The black-and-white wedding photos. The framed Naval Air Station commendation. And the tattered indigo yearbook, stamped with the gold letters “Tenth Cavalry,” more precious to its owner than just about anything.
A simple memorial service for the late James Givens on Thursday offered relatives and friends at his home at Immanuel Village a window into history.
Of Pine Bluff, Ark., where Givens was born in 1918.
Of the Jim Crow South, from which Givens had fled as a teenager, riding the rails Woody Guthrie-style to find work that paid more than his nickel-a-day's wages as a golf caddy.

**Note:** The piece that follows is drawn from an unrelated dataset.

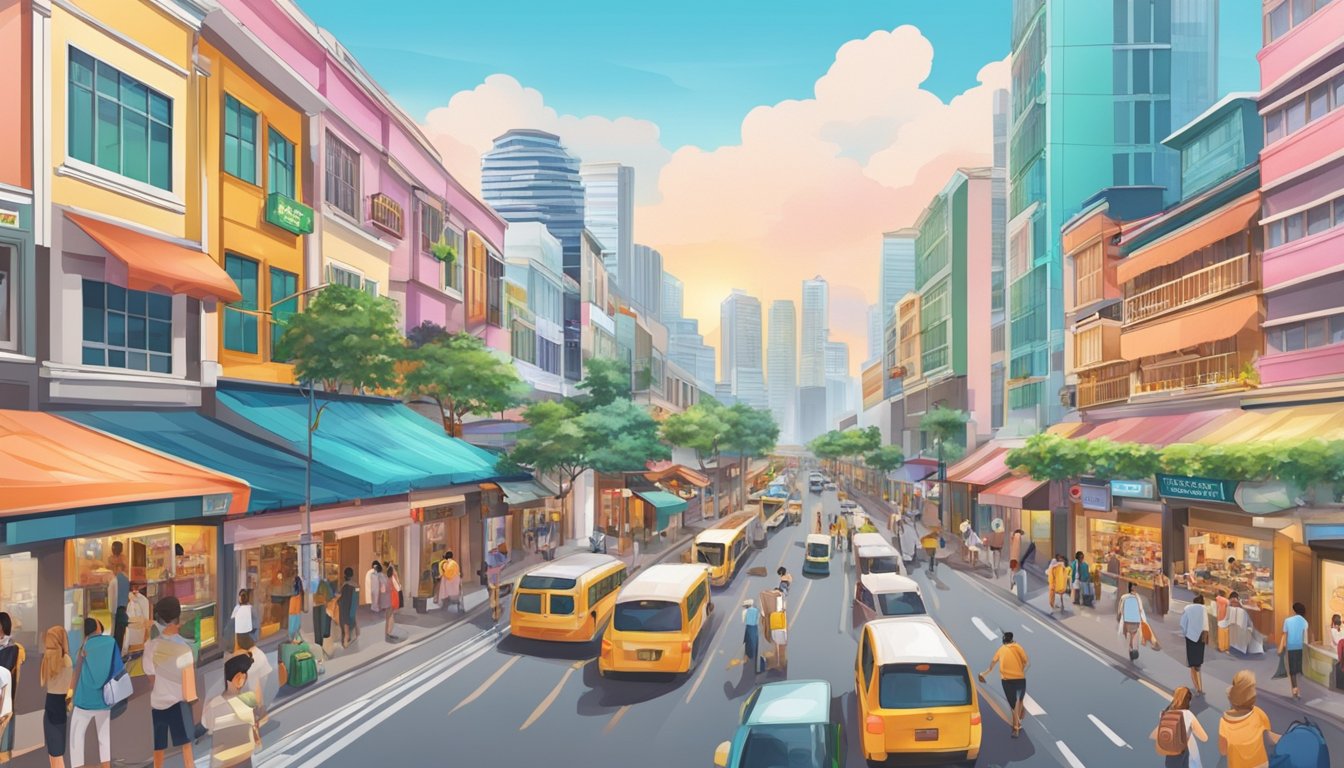 A bustling street in Tanita, Singapore, with vibrant storefronts and busy shoppers. The cityscape is filled with modern architecture and colorful signage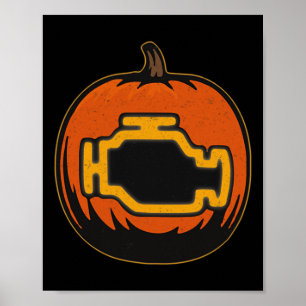 Dashboard Car Check Engine Funny Pumpkin Halloween Poster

Of a New Deal program that rescued Givens from a life of picking cotton and took him to California.
Of the Buffalo Soldiers, the all-black horse-mounted cavalry regiment that Givens served as an Army private patrolling the U.S.-Mexico border during World War II.
Of Oakland, Calif., which became his longtime home; a city where he met his love, Mary, listened to Rat Pack record albums and took many an ocean cruise.
“He came from a time when it was doers,” his nephew Mitchell Pinkard told more than 50 people at the service. “Sink or swim. Make your way.”
And Givens, by all accounts, did just that.
Born the eldest of seven children, Givens was a hard worker who was thrilled with his meager caddy's wages. But he looked around at the tough life of sharecroppers and domestic workers and decided he wanted something different.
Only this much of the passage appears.